The summer passed quickly. I was too busy asking Ate Malou questions about what it was like to climb mountains, what the ground was like, did they have to use ropes, where did they sleep, where did they bathe, whether there were snakes, wild boar, wild deer, did they kill it, did they eat it, what did it taste like, how did they hunt it, how did they kill it? I didn’t lie in wait for the bus anymore. Any visitors meant I had to stay in the room or stay out playing in the niyugan and not ask or answer questions about them.
I don’t remember Golly being born. All I knew was that suddenly there was this cute, fat, cuddly being that would smile if you made funny faces. He would cry if you pinched too hard. The only place I could pinch was his earlobe, and only if nobody was looking. I also had to make sure nobody saw me alone with him so they wouldn’t blame me for his reddened ear. I wished I could take him back home with me.

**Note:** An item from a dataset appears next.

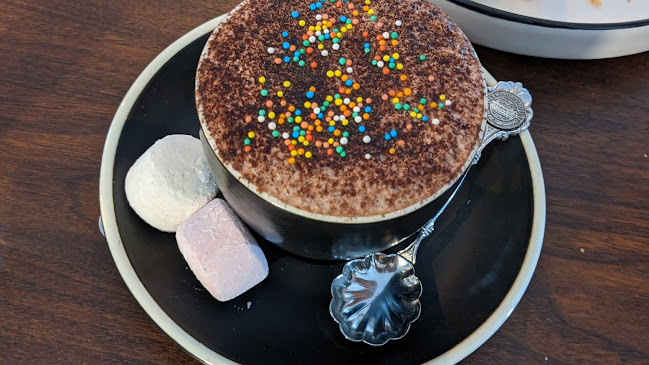 six ounces Open Times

Maybe we could buy him off Ate Malou. I didn’t know if Ka Thomas would come for him since they’d been gone for more than two months. Ate Malou and Ate Bel were getting worried because they hadn’t heard from him. Ate Bel went home to Los Banos to ask her parents if they’d heard anything.
My parents came to take me home as school was starting soon. I felt like kicking, screaming, and crying but I was more afraid of the two-hour paluan sessions than I loved Golly-wow. I didn’t know if I would see them again since Ate Malou said it was dangerous for them to leave any clues as to where they would be staying next. I wished Ate Bel were here so I could get their Los Banos address and write to them there.
I settled back into my old life. I so missed being able to buy candy by the piece and just walking to the next-door sari-sari store to get it anytime I liked. Golly-wow’s memory was soon buried under school assignments, projects that I was too klutzy to ace, and old playmates.
I went back to Quezon the next summer to find that Ka Eugene and Ka Thomas had died inside a room in a Catholic school. They were noticed by a group of soldiers patrolling the street. They only had one magazine between them and they tried to shoot it out. Ka Eugene was 26 years old, Ka Thomas 23. I pictured them lying on their backs, side by side, their eyes closed, arms and legs spread out, like when we play dead. I heard that Ate Malou walked a hundred kilometers from our house to where the shootout happened, but didn’t dare claim the bodies or see them. They left soon afterwards and we never heard from them again.